Wombat wrote:I'm sure I would have heard a Bayan but can't remember when. Are you saying that a Bayan has a pair of reeds tuned in perfect unison? Some Irish accordeon players, probably those who don't double on concertina, favour perfectly dry tunings.
Most Russian accordion music you may have heard had to be bayan.
However, it's picking up worldwide, and bayans consistently win international accordion contests. It's an extremely versatile instrument, and getting to be the most virtuosi-favoured squeezebox.
The Bayan (or B-system chromatic accordion) when taken in their simplest forms (not the multi-voice "concert" 20+ lbs. things) has usually two voices on right hand (flute + bassoon). The tuning is then the same as basic bandoneons: two voices, octaved, dry tuning.
If you get a third voice, it will be in dry unison with the standard "flute" voice, but one will be "in-box" (resonance chamber).
From what I know, Russian-made bayans don't use wax, and have hand-made reeds.

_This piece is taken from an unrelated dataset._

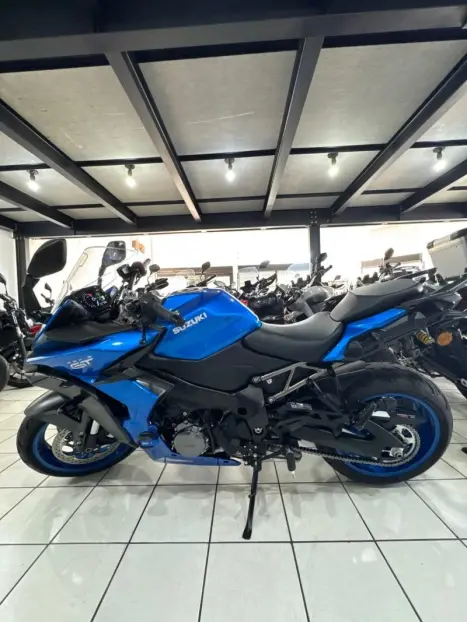SUZUKI GSX-S 1000 GT, Foto 12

AFAIK, the biggest sound difference between western accordions and bayans is the latter are
never tuned for "tremolo": the origin of the instrument has roots both in classical music and trad, and many Russian composers wrote for this instrument at the turn of 19th and 20th centuries.
The purely "trad" Russian squeezebox is the "garmonj" or "garmochka" (russifications of the German "Harmonika"), i.e. a concertina of sorts.